Big Competition from Asia

To meet these challenges, Dr. Street said, the United States needs to be the leader in materials research. “Then, when we have a problem,” he said, “we can do the research, make the prototypes, and know that they do work. But getting from there to a manufacturable technology is difficult and expensive, and we don’t do that well.” In Asia, by contrast, displays are not only a big industry, but one that is supported by “a whole ecosystem of equipment manufacturers, materi-

als suppliers, and a stream of new technology that is being created in universities and research centers around the world.”
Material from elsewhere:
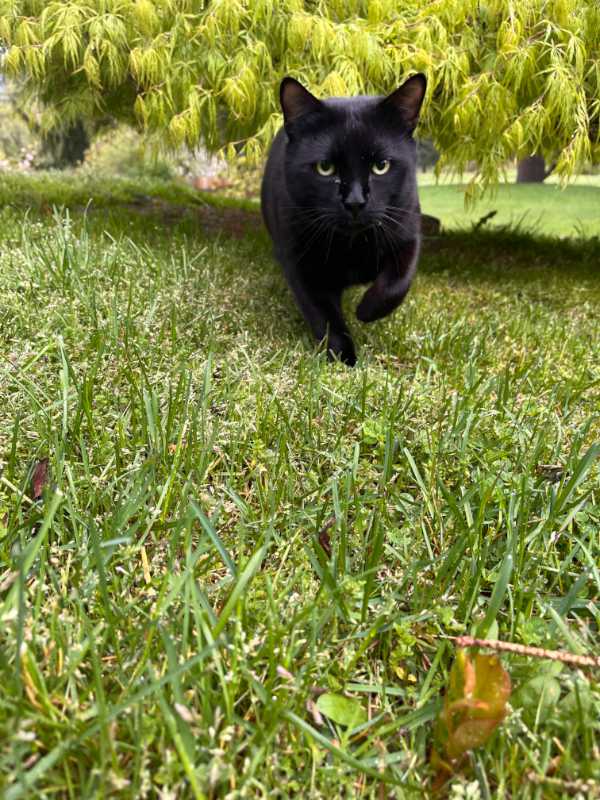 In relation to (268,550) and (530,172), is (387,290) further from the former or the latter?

He closed with a call-to-arms for U.S. industry. “Because the industry in Asia is so big,” he said, “it draws in new technology—from the Palo Alto center, from universities, from start-ups. And they have the manufacturing power. We need to understand that many of the materials in the flexible electronics space are the same as will be used in the next generation of photovoltaic materials. We should ask ourselves how easy it will be for these companies to just shift into solar when the time comes and be very competitive with anything we can do. I think this country needs to take this funnel of research and technology that is presently directed toward Asia and move it back into the United States and ensure that we have an industry here that can be the manufacturing focus for the new technology.”